* **YOUR GOAL**: Only the closing portion of the entries is to be reproduced: the line containing "Niche pour chien" through the very last line, exactly as written.

Records contained in a dataset:
++++
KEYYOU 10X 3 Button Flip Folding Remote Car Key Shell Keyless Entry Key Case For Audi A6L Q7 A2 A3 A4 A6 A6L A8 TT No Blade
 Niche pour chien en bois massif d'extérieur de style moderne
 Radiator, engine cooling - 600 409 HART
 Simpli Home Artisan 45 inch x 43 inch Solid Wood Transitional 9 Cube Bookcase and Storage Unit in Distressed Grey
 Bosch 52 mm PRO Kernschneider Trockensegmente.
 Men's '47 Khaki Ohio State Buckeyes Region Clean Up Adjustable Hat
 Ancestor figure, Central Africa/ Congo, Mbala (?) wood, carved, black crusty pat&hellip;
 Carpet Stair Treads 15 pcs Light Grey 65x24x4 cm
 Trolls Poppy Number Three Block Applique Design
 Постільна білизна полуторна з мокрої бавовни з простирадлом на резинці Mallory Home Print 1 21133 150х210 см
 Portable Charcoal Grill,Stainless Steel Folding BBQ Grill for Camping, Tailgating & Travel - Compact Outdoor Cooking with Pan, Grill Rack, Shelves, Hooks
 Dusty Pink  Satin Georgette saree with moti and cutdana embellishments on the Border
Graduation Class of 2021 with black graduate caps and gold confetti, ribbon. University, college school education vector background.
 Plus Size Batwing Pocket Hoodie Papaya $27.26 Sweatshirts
++++
* **ANSWER BOX**:
 Niche pour chien en bois massif d'extérieur de style moderne
 Radiator, engine cooling - 600 409 HART
 Simpli Home Artisan 45 inch x 43 inch Solid Wood Transitional 9 Cube Bookcase and Storage Unit in Distressed Grey
 Bosch 52 mm PRO Kernschneider Trockensegmente.
 Men's '47 Khaki Ohio State Buckeyes Region Clean Up Adjustable Hat
 Ancestor figure, Central Africa/ Congo, Mbala (?) wood, carved, black crusty pat&hellip;
 Carpet Stair Treads 15 pcs Light Grey 65x24x4 cm
 Trolls Poppy Number Three Block Applique Design
 Постільна білизна полуторна з мокрої бавовни з простирадлом на резинці Mallory Home Print 1 21133 150х210 см
 Portable Charcoal Grill,Stainless Steel Folding BBQ Grill for Camping, Tailgating & Travel - Compact Outdoor Cooking with Pan, Grill Rack, Shelves, Hooks
 Dusty Pink  Satin Georgette saree with moti and cutdana embellishments on the Border
Graduation Class of 2021 with black graduate caps and gold confetti, ribbon. University, college school education vector background.
 Plus Size Batwing Pocket Hoodie Papaya $27.26 Sweatshirts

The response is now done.